Ale oczywiscie Hubert jak najbardziej zasłużył sobie ,jest ulubieńcem Gdańskich Trybun ,oby mu się powiodło .
27 września 2010, 16:40 / poniedziałek
Nareszcie! Oby to był również chociaż zwiastun przełomu w ,,polskiej myśli szkoleniowej'' tj. wkrętu, że stoper to koniecznie musi być duży wykopywacz.. Tak czy siak, brawo Hubert!
27 września 2010, 16:43 / poniedziałek
Mimo wszystko Franek Smuda trochę się miota :) na jaką pozycję powołał Huberta? Środek obrony?
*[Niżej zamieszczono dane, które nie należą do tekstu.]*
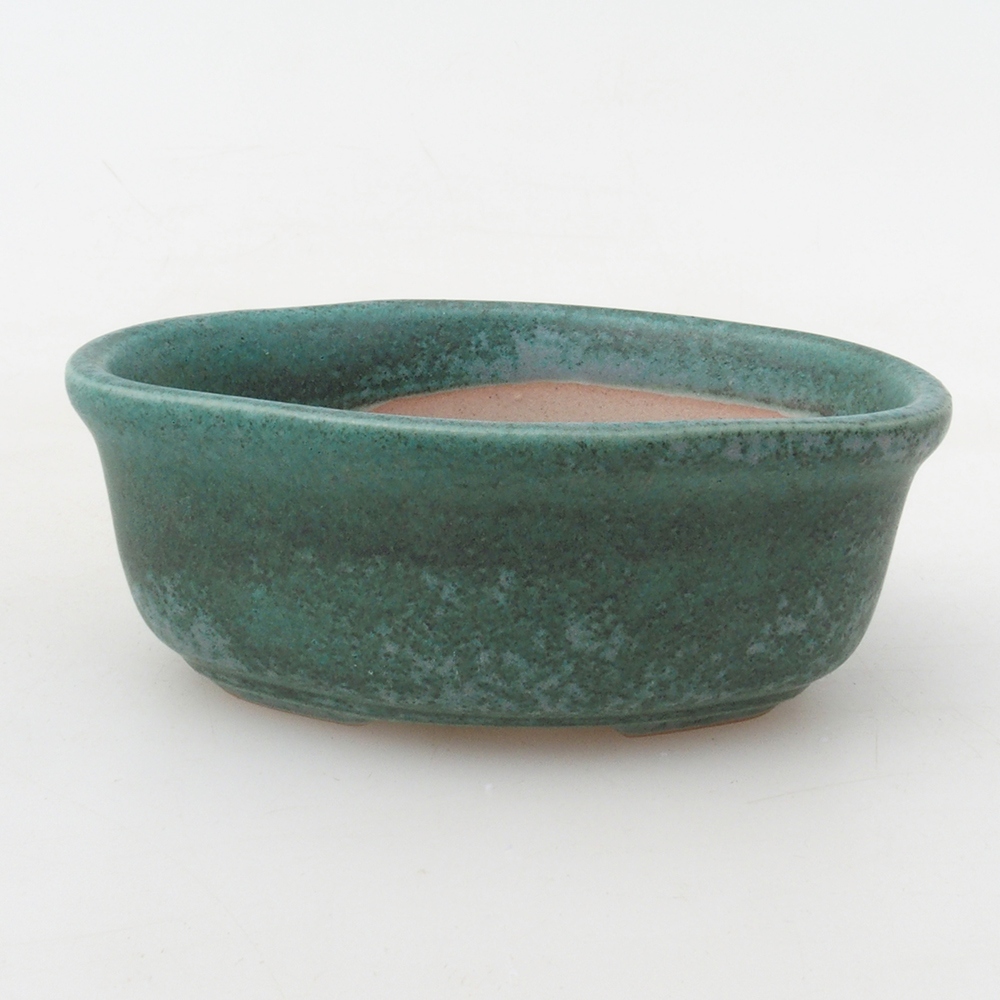 Bonsaischale + Untertasse H05 - 11 x 8 x 4 cm - grün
Toż on nawet teraz nie gra w swoim klubie na tej pozycji.

Ale nieważne, ważne, aby się pokazał w kadrze z dobrej strony i zadomowił :)
27 września 2010, 16:43 / poniedziałek
Gratulacjie i dwie rady dla Ciebie Hubert:
-nie chlej
-uważaj na koale bo to konfident

powodzenia
27 września 2010, 16:49 / poniedziałek
Brawo! Nareszcie chciałoby się rzec...byle jeszcze u nas został...
27 września 2010, 16:59 / poniedziałek
Gratulacje Hubert!!!!!!!!!!!!!!!!!!!!!!! Pokaż im jak się czyści tyły:D
27 września 2010, 17:18 / poniedziałek
27 września 2010, 17:31 / poniedziałek
SUPER HUBERT SUPER HUBERT AJEAOOO!
27 września 2010, 17:38 / poniedziałek
27 września 2010, 17:39 / poniedziałek
Smuda chciał go powołąć już wczesniej ale przez utratę miejsca w podstawowym składzie LECHII to powołanie zostało opózinione ale co sie odwlecze to nie uciecze
GRATULACJE i powodzenia w podboju Stanów Zjednoczonych
27 września 2010, 17:56 / poniedziałek
JEszcze Bączka by powołał
27 września 2010, 18:06 / poniedziałek
Wiadomo, "Koala" załatwił u Smudy powołanie ;) A tak na poważnie to gratulacje Hubert !!!

carlic, Smuda powołałby Huberta wcześniej, gdyby 4 lata temu nie "odpalił" Go w Amice. Później nie wiedząc, o kogo chodzi jeździł oglądać młodego, zdolnego chłopaka z Lechii, jako potencjalne wzmocnienie Amiki Poznań. Kiedy zorientował się, że tym chłopakiem jest Hubert, aby uniknąć kompromitacji własnej osoby zapomniał o nim na lata.
27 września 2010, 18:11 / poniedziałek
Na nieszczescie Huberta bylo tak jak mowi kiko...
27 września 2010, 19:03 / poniedziałek
Wartość takiego piłkarza może z dnia na dzień wzrosnąć dwukrotnie, gdyby Hubert zadomowił się w kadrze i jeśli będzie za wszelką cenę walczył o swój dalszy rozwój to może zajść naprawdę daleko.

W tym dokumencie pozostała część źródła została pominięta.